8. The Sample Size for the Training Set:

  • Not applicable. There is no AI algorithm being trained for this device notification.

9. How the Ground Truth for the Training Set Was Established:

  • Not applicable. There is no AI algorithm being trained for this device notification.

In summary, this 510(k) submission for the PENTAX Medical ED-3490TK Video Duodenoscope focuses on non-clinical testing (biocompatibility, reprocessing, mechanical integrity, software validation for functionality, EMC/electrical safety) to demonstrate substantial equivalence to a predicate device. It does not involve AI or diagnostic performance studies, and therefore, most of the requested fields regarding acceptance criteria and studies for AI performance are not relevant to this document.

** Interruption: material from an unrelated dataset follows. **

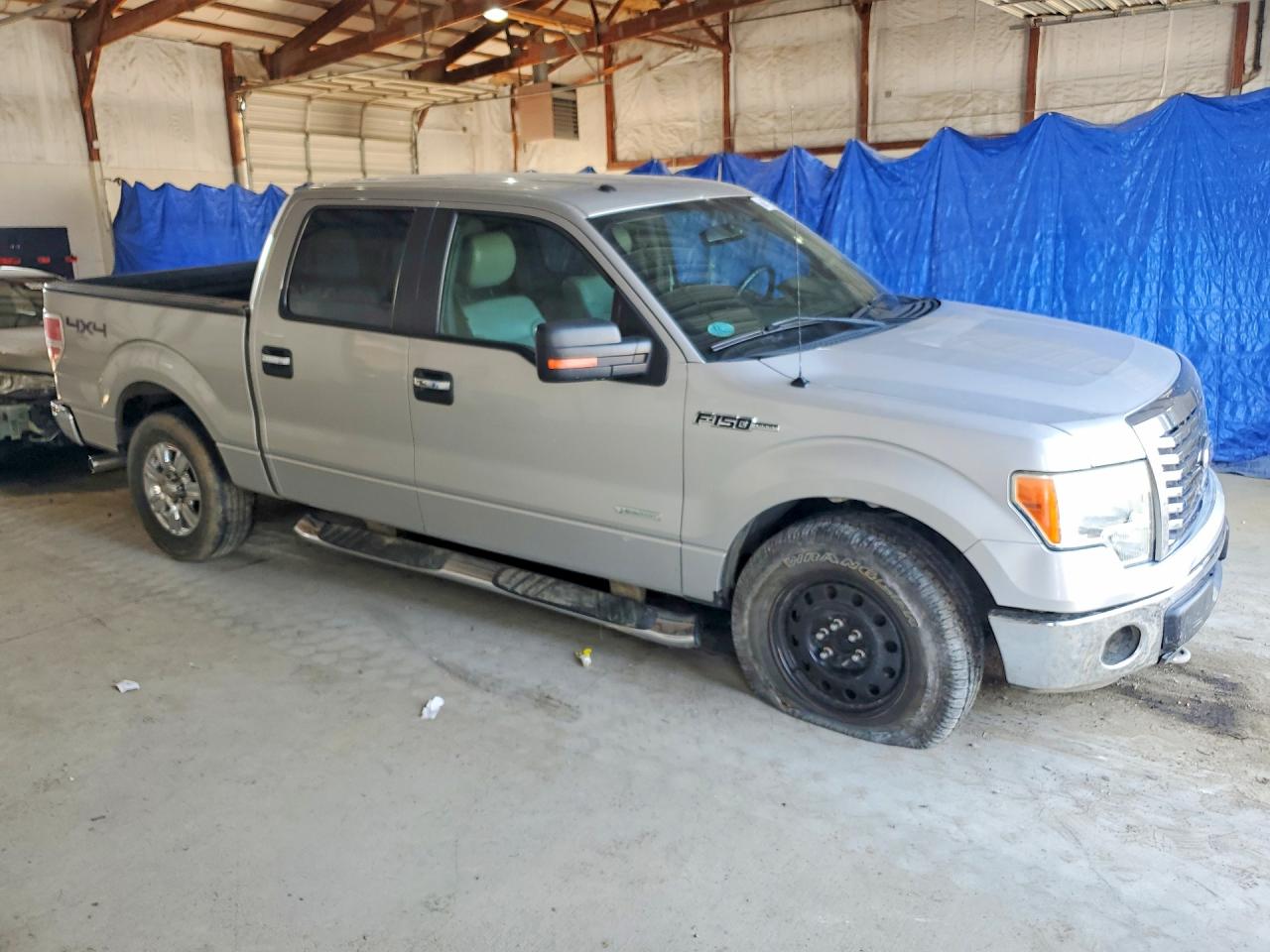 2012 Ford F150 Supercrew Silver vin: 1FTFW1ET9CFA55324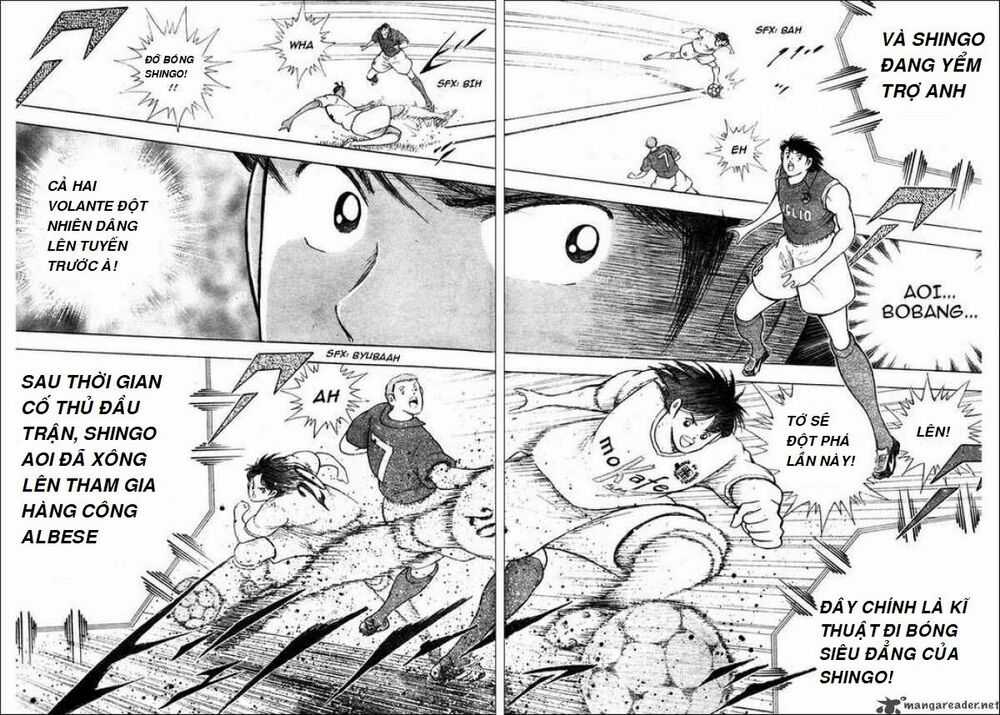 Captain Tsubasa : Trận Chiến Liên Đoàn Italy Chapter 4 trang 7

§ 876.1500 Endoscope and accessories.

(a)
Identification. An endoscope and accessories is a device used to provide access, illumination, and allow observation or manipulation of body cavities, hollow organs, and canals. The device consists of various rigid or flexible instruments that are inserted into body spaces and may include an optical system for conveying an image to the user's eye and their accessories may assist in gaining access or increase the versatility and augment the capabilities of the devices. Examples of devices that are within this generic type of device include cleaning accessories for endoscopes, photographic accessories for endoscopes, nonpowered anoscopes, binolcular attachments for endoscopes, pocket battery boxes, flexible or rigid choledochoscopes, colonoscopes, diagnostic cystoscopes, cystourethroscopes, enteroscopes, esophagogastroduodenoscopes, rigid esophagoscopes, fiberoptic illuminators for endoscopes, incandescent endoscope lamps, biliary pancreatoscopes, proctoscopes, resectoscopes, nephroscopes, sigmoidoscopes, ureteroscopes, urethroscopes, endomagnetic retrievers, cytology brushes for endoscopes, and lubricating jelly for transurethral surgical instruments. This section does not apply to endoscopes that have specialized uses in other medical specialty areas and that are covered by classification regulations in other parts of the device classification regulations.(b)
Classification —(1)Class II (special controls). The device, when it is an endoscope disinfectant basin, which consists solely of a container that holds disinfectant and endoscopes and accessories; an endoscopic magnetic retriever intended for single use; sterile scissors for cystoscope intended for single use; a disposable, non-powered endoscopic grasping/cutting instrument intended for single use; a diagnostic incandescent light source; a fiberoptic photographic light source; a routine fiberoptic light source; an endoscopic sponge carrier; a xenon arc endoscope light source; an endoscope transformer; an LED light source; or a gastroenterology-urology endoscopic guidewire, is exempt from the premarket notification procedures in subpart E of part 807 of this chapter subject to the limitations in § 876.9.(2) Class I for the photographic accessories for endoscope, miscellaneous bulb adapter for endoscope, binocular attachment for endoscope, eyepiece attachment for prescription lens, teaching attachment, inflation bulb, measuring device for panendoscope, photographic equipment for physiologic function monitor, special lens instrument for endoscope, smoke removal tube, rechargeable battery box, pocket battery box, bite block for endoscope, and cleaning brush for endoscope. The devices subject to this paragraph (b)(2) are exempt from the premarket notification procedures in subpart E of part 807of this chapter, subject to the limitations in § 876.9.